Se puso de pie, se tomó de un sorbo lo que quedaba en la taza y camino hasta la puerta. Miró al rededor, me miró a mí.
- No se cómo aguantas esto...ni como soportas la mirada de las personas, no creerás que te ves así solo porque estás aquí en tu casa. O que pueden verlo apenas quienes te conocen mejor...ya sabes, es algo que chorrea, que se filtra y que no hay modo de ocultarlo...
- Ya lo se – digo – el modo es cambiarlo, no ocultarlo...
Me quedo mirando por la ventana abierta. Un olor de tierra mojada puedo percibir. Tengo la sensación de que la visita de Joaquín casi fue parte de un sueño. En realidad miro al rededor y lo estático de todo me hace pensar que nada ha sucedido en el plano de los objetos. Pienso en la geología de la tierra, en las piedras. En el Paso del Retorno, el poema de Huidobro que tuve que leer en voz alta para la clase de castellano. Me pregunto si las plantas y los adornos se hacen señas furtivas, si sienten una ternura que les ensancha el alma. Sin embargo yo no vengo de vuelta. Es el tema ineludible. Las posibilidades, la vida en la palma de la mano, el no se sabe. La universidad, el futuro.

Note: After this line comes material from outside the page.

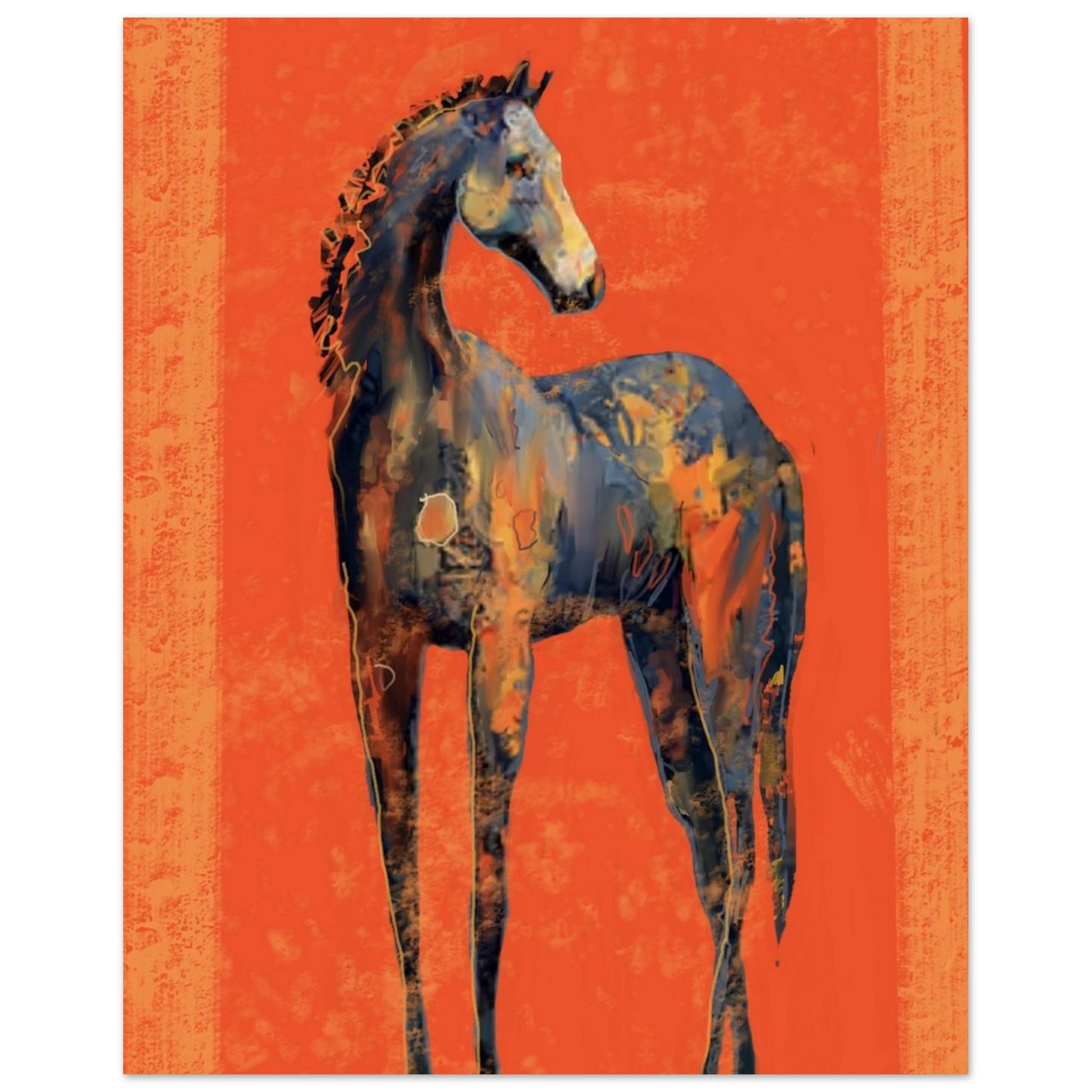 e8a23eea-6d0c-46b9-9804-e3649dc92fd4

No muchos años después. En una ciudad de 30 millones de habitantes, donde las cosas suenan en otra lengua, volveré a verme ante un cierto huir forzoso. Pero esta vez será un tren de consecuencias concretas. Instaladas en la puerta del edificio donde vivo. Lejos de alguien que venga y me salve a patadas. Hará un calor infernal. Y no será un sueño.